The Genius of Steve Jobs: Understanding Marketing's 4 P's
Although business textbooks still talk about the four P's of marketing (product, price, place and promotion), the name of the discipline has become mostly synonymous with the "P" for promotion. I bring this up because I believe it is relevant to understanding the real impact Steve Jobs had on the business world.
Most of the journalistic eulogies for Steve Jobs over the last week have referenced him as one of the greatest, if not the greatest, CEO in contemporary history. One would be hard pressed to debate that. But in my view, the attribute that truly set Jobs apart was his innate sense of all facets of effective marketing – each of the four P's.
Like any effective company, it began with the product. In the mid-90s, Apple computers were viewed as an over-priced niche product. Market share was consistently languishing at about three percent. The only segment of the business community that took the product seriously were those of us on the communications side seeing it as a great tool for design and AV applications. In the consumer market, there was a handful of zealots who loved the product, but most of the world remained loyal to their traditional PCs. In his view of the computer world, however, Jobs had a unique blend of near- and far-sightedness. He believed that he could build on his base of brand advocates through design combining unprecedented features and innovative styling.
In the classic four P's, the one "P" that has always been a bit forced is "place." More correctly, it refers to distribution. Early on, Apple recognized that by getting its products in the hands of students, it could influence brand preferences early in the development years of a new generation of computer users.

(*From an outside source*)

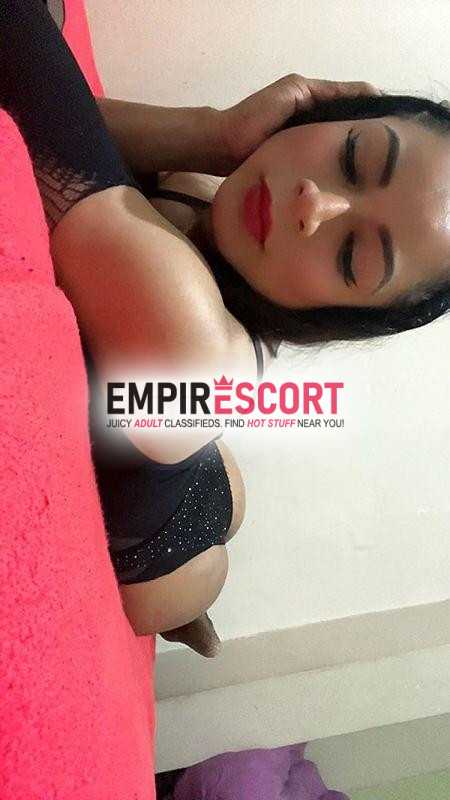 ✈️✈️💝🌸angelina mÁs cacherita y mamona disponible hasta el jueves 24 horas disponible babys💋🌸🤑✈️✈️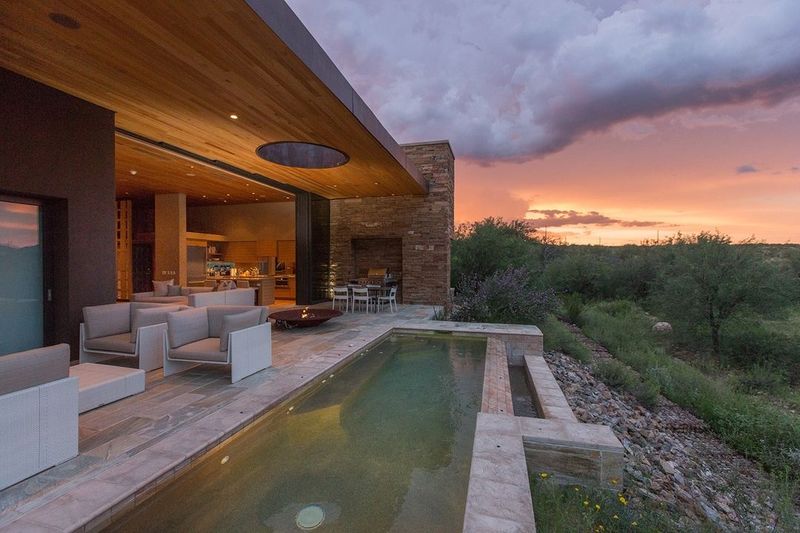 Miraval Arizona Resort & Spa, USA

The most dramatic Jobs-led initiative involving "place" was the opening of its now iconic Apple retail stores. To be sure, this concept could never have been effective had Apple products been limited to just its computers, but in conjunction with the incredible popularity of the iPod, iPhone and iPad, Apple stores are now the coolest "go-to" retail outlets the world has probably ever known.
This brings me to the Price "P". Even as Apple has expanded its distribution through other major retailers like Best Buy and Target, it has been dogmatic in price control. Jobs and his team knew that premium products allow for premium pricing and any kind of discounting inherently devalues the brand. Apple charges more for its products than those of its competitors simply because it can. So even though Apple computers still only account for about 10 percent of the market, its share of industry profits is substantially larger – making it one of the most valuable brands in the world.
Ironically, a case could be made that the promotional "P" is Apple's weakest – at least if measured in traditional advertising. While Apple spends about a half billion dollars annually on paid media, it is actually less than either Microsoft or Dell. However, given the memorability of much of Apple's advertising, it seems more pervasive than it actually is. In addition, if there were ever a poster child for the powers of word-of-mouth marketing and brand loyalty, it would be Apple.
I often grow weary of the way our society obsesses at the death of a celebrity and deifies the individual beyond merit or comprehension. I could not begin to speak of Steve Jobs, the man. However, I do believe his legacy as a marketer is not only much deserved, it will live on in business textbooks and corporate history for decades to come. In Jobs' case, maybe there should be a fifth "P" – for Posterity.